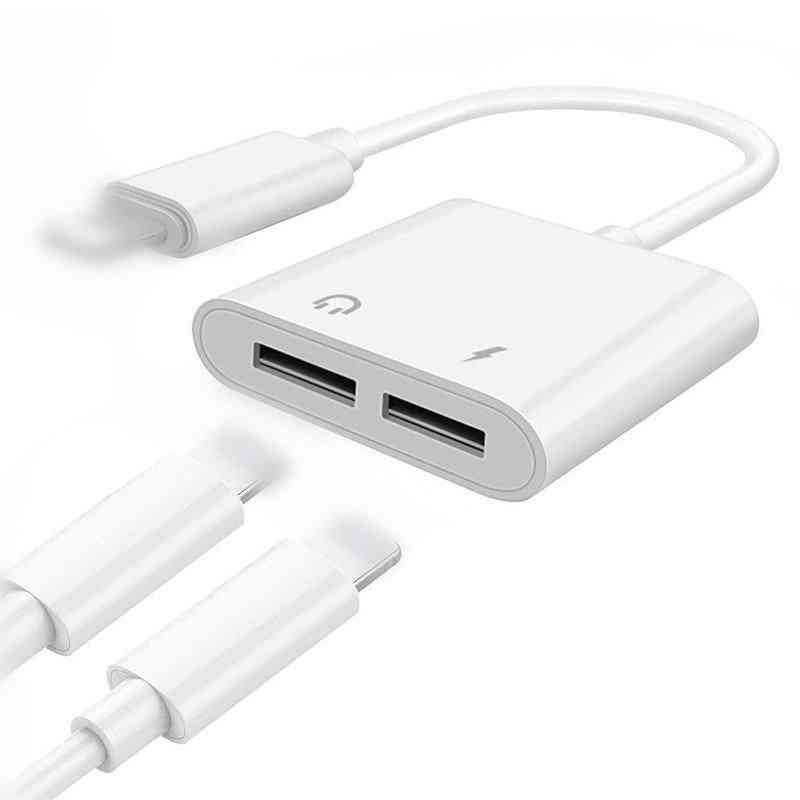2 In 1 Headphone Audio Splitter-charger Adapter For Iphone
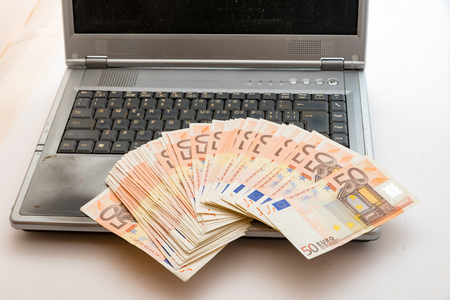Euros earned with your computerの写真素材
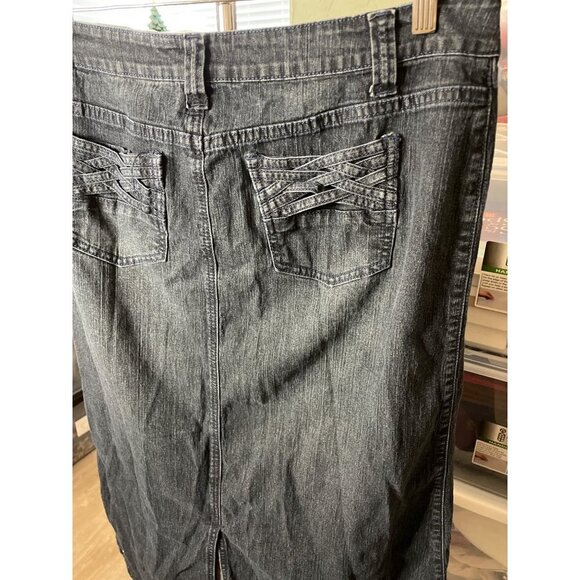 Cato Retro Long Woven Pockets Denim A Line Skirt Sz 10 - Picture 5 of 11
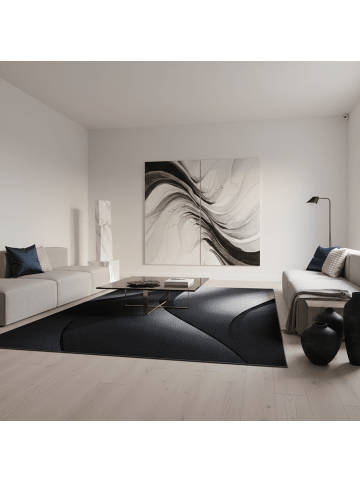 KADIMA DESIGN Teppich Kurzflor Waschbar Ombre INN Strapazierfähig OEKO-TEX in Schwarz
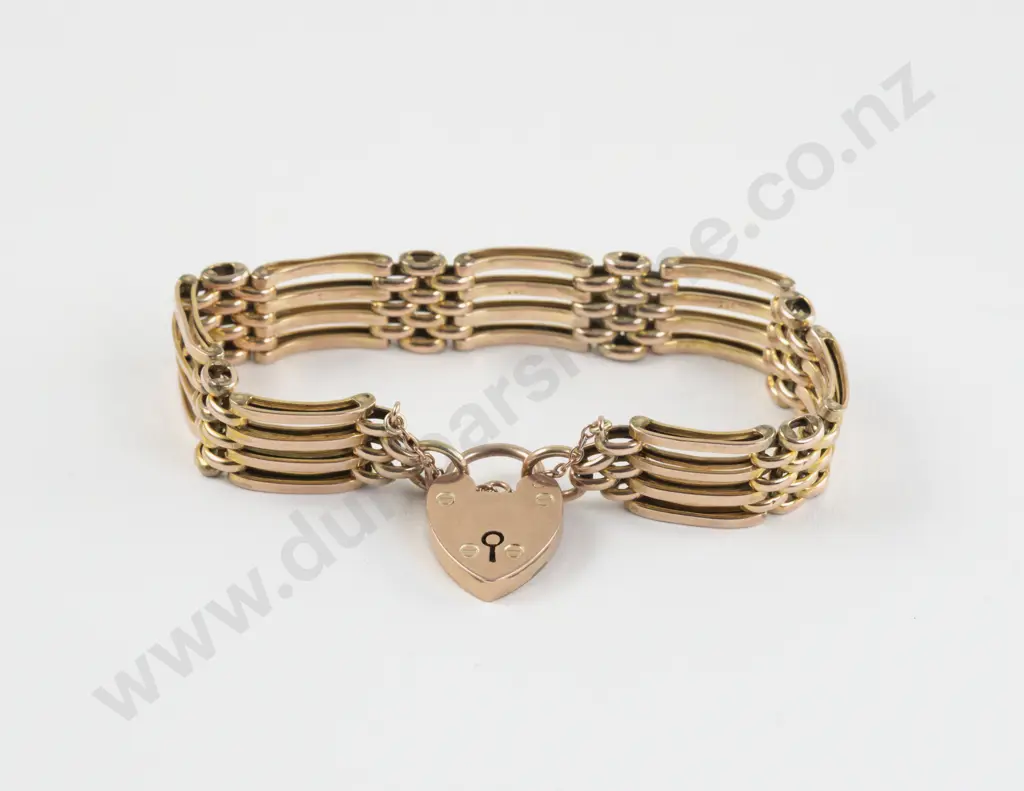 9ct Rose Gold Gate Link Bracelet Image 1++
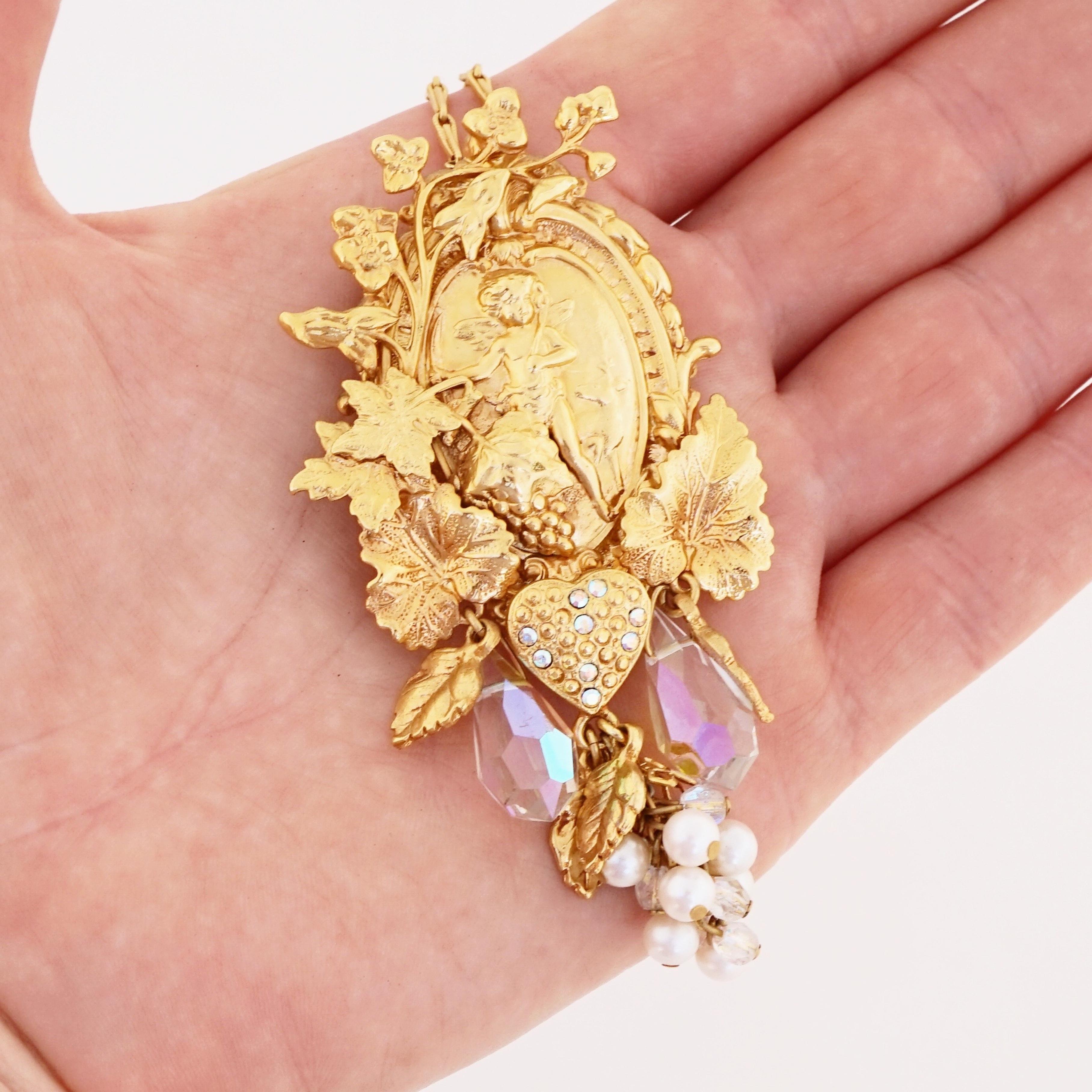 Modern Ornate Gold Angel Pendant Necklace With Pearl & Crystal Charms By Kirks Folly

┄┄┄┄┄┄┄┄┄┄

### Exercise
Give back the whole listing exactly, without pictures.

### Written response
2 In 1 Headphone Audio Splitter-charger Adapter For Iphone
Euros earned with your computerの写真素材
 Cato Retro Long Woven Pockets Denim A Line Skirt Sz 10 - Picture 5 of 11
 KADIMA DESIGN Teppich Kurzflor Waschbar Ombre INN Strapazierfähig OEKO-TEX in Schwarz
 9ct Rose Gold Gate Link Bracelet Image 1++
 Modern Ornate Gold Angel Pendant Necklace With Pearl & Crystal Charms By Kirks Folly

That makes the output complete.